What is required:
The copy must hold exactly the lines from the one with "4Pcs/set Safety Pet" through the end of the listing below, and nothing else, with no pictures.

Material provided:

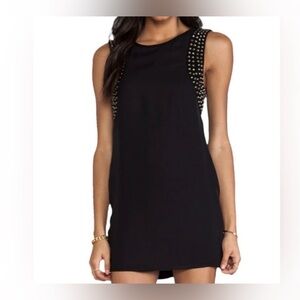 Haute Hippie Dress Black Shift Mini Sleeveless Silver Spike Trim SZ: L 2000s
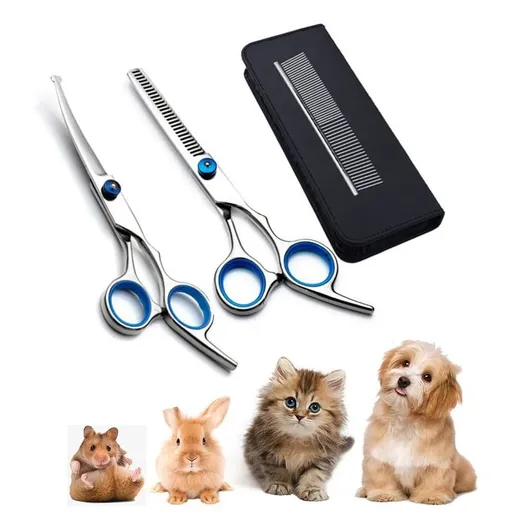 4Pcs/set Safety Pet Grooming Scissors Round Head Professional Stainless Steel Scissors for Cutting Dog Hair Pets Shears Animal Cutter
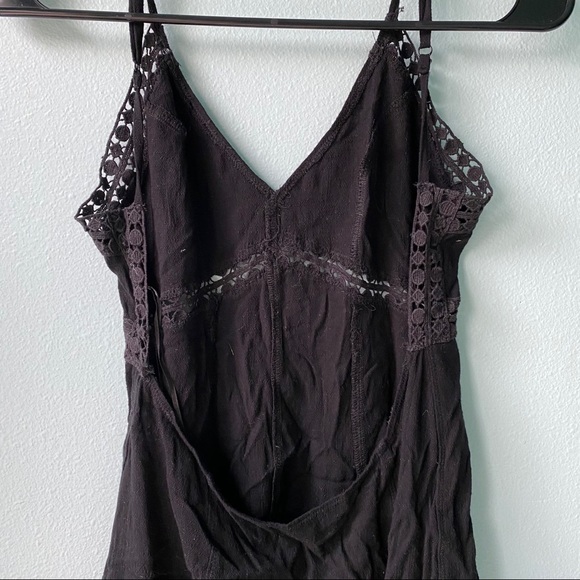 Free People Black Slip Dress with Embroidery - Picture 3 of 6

Final answer:
 4Pcs/set Safety Pet Grooming Scissors Round Head Professional Stainless Steel Scissors for Cutting Dog Hair Pets Shears Animal Cutter
 Free People Black Slip Dress with Embroidery - Picture 3 of 6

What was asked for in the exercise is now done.